MArch Architecture – Year 1 – Semester 2 – ‘Holkham Intervention’
As described in my previous project – ‘Year 1 – Semester 1/2’, ultimately the human intervention of Pine planting created a boundary to Holkham estate, which later naturally formed and protected the large sand dunes enjoyed by visitors and animals today.
During my various site visits and thorough desktop research, I encountered several rare bird species which had, in the past fifty years become regular to Norfolk’s coastline and in particular Holkham’s shore. I decided in the end to base my Semester 2 project on the protection, education and close preservation of these species with an aspiration to have minimal impact on the landscape and utilise the height / scale of the sand dunes and pine trees effectively.

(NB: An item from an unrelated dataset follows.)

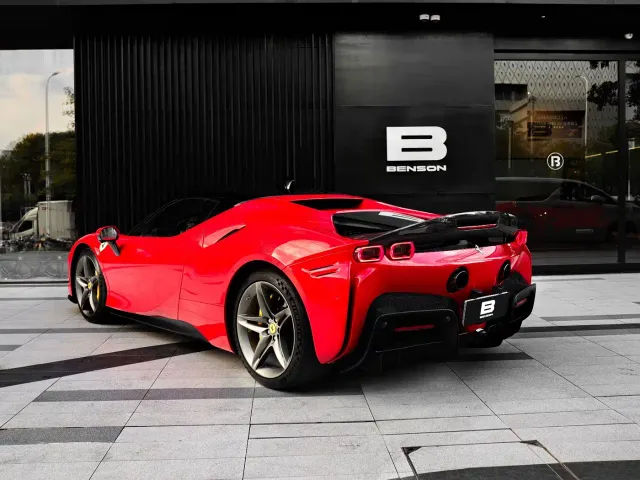 Ferrari SF90 — Фото автомобиля 4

Desktop research presented various problems with the existing bird watching facilities and educational reserves in Norfolk, mostly obtrusive in the landscape, non organic and a distraction for birds that seek shelter elsewhere as a result. Those facilities that did manage to conceal themselves did so on their own terms and at the expense of habitat and with little consideration to the animals affected by construction but also during future use.
Keeping in mind my aspirations to utilise the height of the Holkhams famous sand dune and pine forest formation and with a view to having little or no impact on the ground surrounding my proposal, I decided quite early on that my building would meet the birds at eye level and sit within the existing tree canopies.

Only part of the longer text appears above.